Benjamín veía a Jacinto subido en el palo. Era casi lo único que distinguía entre la reverberación de las vertiginosas imágenes inmediatas y el fragor luminoso de las lámparas que parecían abrasarle los ojos. En la oscuridad había seguido a Sariegos, poseído de pronto por un furor destructivo, y alentado por su ejemplo había contribuido a arrasar todo lo que estaba a mano. Las tinieblas aplacaban en su cabeza los centelleos del alcohol, pero abrían como una espita de irrealidad que acarreaba un vértigo en el que uno podía disolverse.
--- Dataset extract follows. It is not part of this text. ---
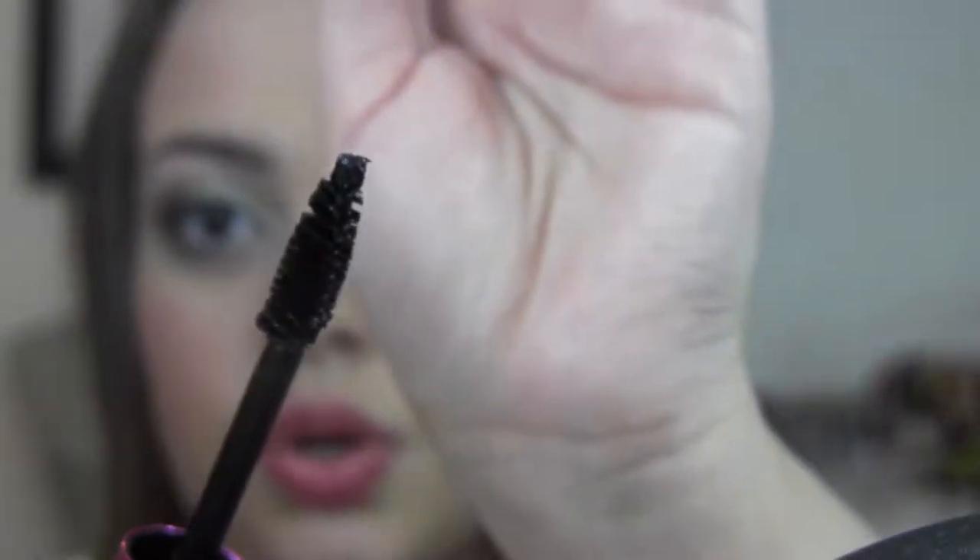Right off the bat I do notice that the consistency of this formula is a little bit more on the drier side, which I really like because I find that drier formulas actually do last longer. It is a little bit gloopy when you take it out of the tube, so you do have to end up scraping a little of the excess mascara formula on to the tube opening.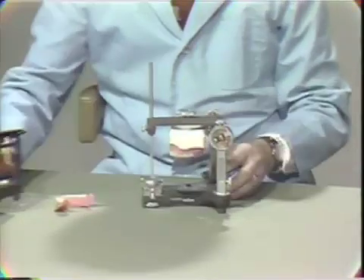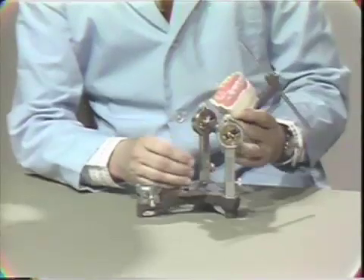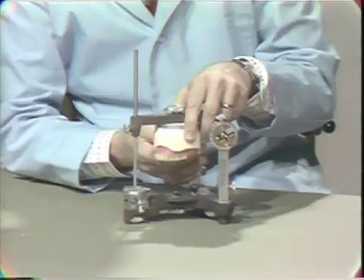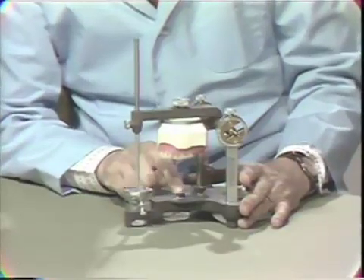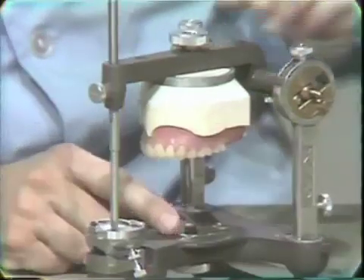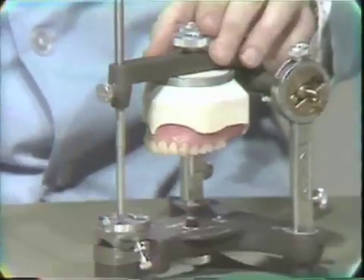Let me demonstrate that now. This is a case where the wax denture is completed. The lower has simply been taken off. So we don't have to take a new face bow transfer from the patient — all we need to do is attach an index of the teeth to the lower part of the articulator so we can put the processed denture back in the proper relationship to the opening axis of the condyles.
Benjamín había despertado sudoroso, delatado por la luz, a unos pasos de Sariegos que, al volcar un sillón, rodaba por el suelo.
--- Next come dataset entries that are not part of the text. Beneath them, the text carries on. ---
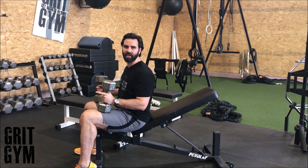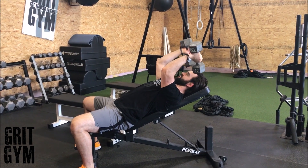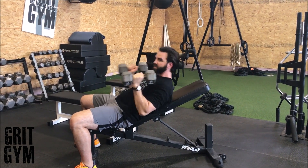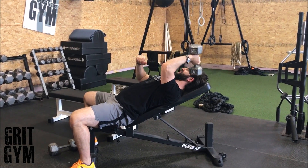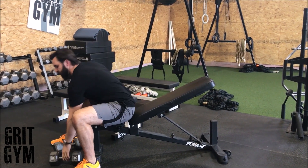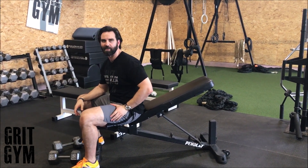Dumbbell skull crusher on incline bench. Sit back and point those elbows at the ceiling while bringing the dumbbells down to the ear, then bring it back up. If it says one dumbbell, you just bring that one down to your ear and pop back up, making the tricep do the work. Those are your dumbbell skull crushers off the incline bench.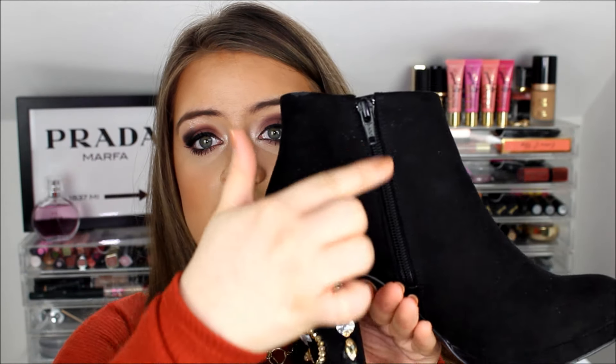I got all my rhinestones and diamantés from eBay, which I'll talk about in a minute. The boots I have are from New Look and they are full suede material — they were £25. The heel is about an inch smaller than the real Dolce & Gabbana ones, so I had to take away part of the design on the back of the heel to fit the design into this size of heel. The sole of my shoe is black whereas the Dolce & Gabbana ones are beige, so there are some slight differences.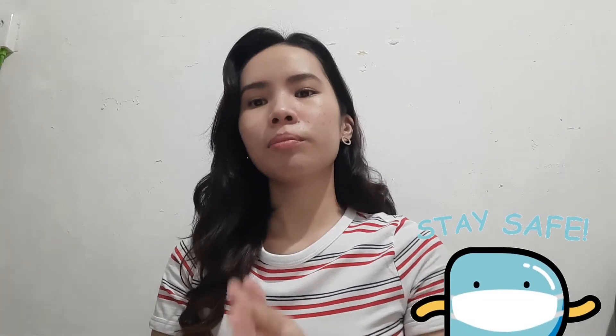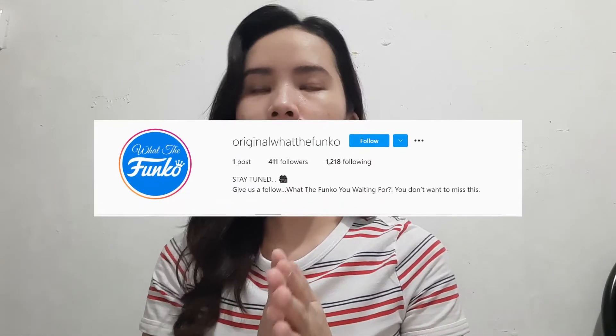Thank you for the support you are giving my channel. Please continue to like, share, and subscribe to all my videos, and thumbs up and comment for every video. Also, shoutout to 'Original What the Funko' — it's like a Funko shop. If you are into collecting Funko Pops, visit the page at Original What the Funko.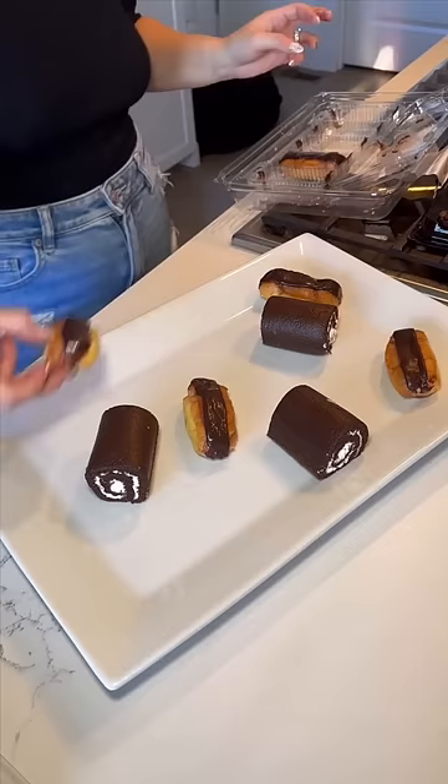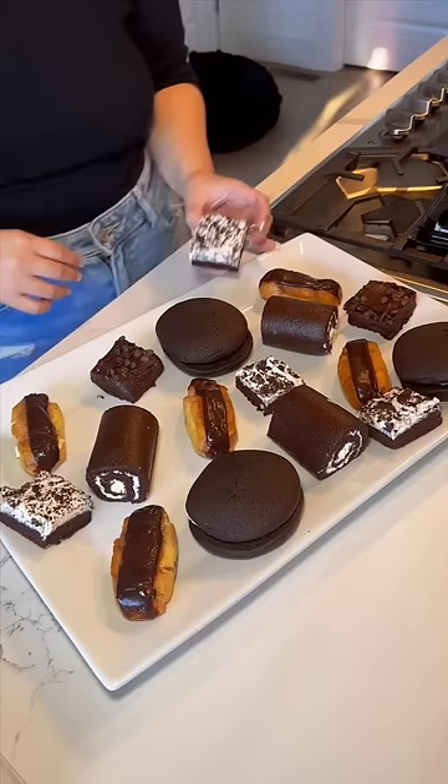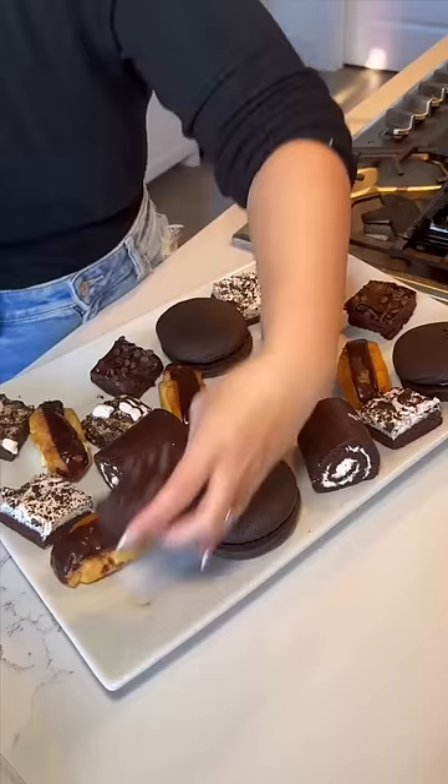I won't be wearing gloves — I've washed my hands. For the desserts there's swiss rolls, eclairs, whoopie pies — all three of those are my top favorites — and then a variety of different kinds of brownies.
—Malditos bribones, tenéis que espabilar. Las últimas picias que podéis hacer en la vida hay que hacerlas corriendo. Aquí nos dieron el finiquito.
De nuevo retomó la orquesta el sincopado suspiro del tango y algunas parejas se dejaron mecer en la brisa. La voz del vocalista se quebraba como una rama. Pringaba el sudor su frente de una derretida carbonilla que parecía manar de la brillantina.
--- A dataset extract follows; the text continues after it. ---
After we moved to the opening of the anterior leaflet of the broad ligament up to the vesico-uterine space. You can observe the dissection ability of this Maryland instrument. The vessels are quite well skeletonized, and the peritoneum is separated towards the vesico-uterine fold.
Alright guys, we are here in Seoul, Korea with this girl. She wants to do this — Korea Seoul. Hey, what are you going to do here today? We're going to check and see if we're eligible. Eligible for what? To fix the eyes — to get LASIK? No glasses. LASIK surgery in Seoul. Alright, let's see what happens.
—La de Jacinto es sonada —le dijo Benuza a don Florín.
—Peor veo a mi sobrino. Mañana mi hermana me echa de casa.
—Creo que llegó Beraza. Ya es el momento de que saquemos a Paco.
—Si pudieras recogerme a Chamín.
—Déjalo, no hay cuidado. De Sariegos no se despega.
—Aquellas lobas me lo echaron a perder.
—Tarde o temprano a uno siempre lo echan a perder. ¿Qué pasó con los plomos?
—Machaqué la instalación. A la fuerza tienen que sospechar que hubo sabotaje.
—Con Beraza no les va a quedar más remedio que tomar ya una determinación. No creo que un médico aguante cruzado de brazos ante este panorama.
—Sobre todo después de ver cómo se llevaron espatarrada a doña Chencha.
—Vamos a por ellos.
—¿No sería mejor que antes recogiéramos a Chamín? Grima me da verlo así.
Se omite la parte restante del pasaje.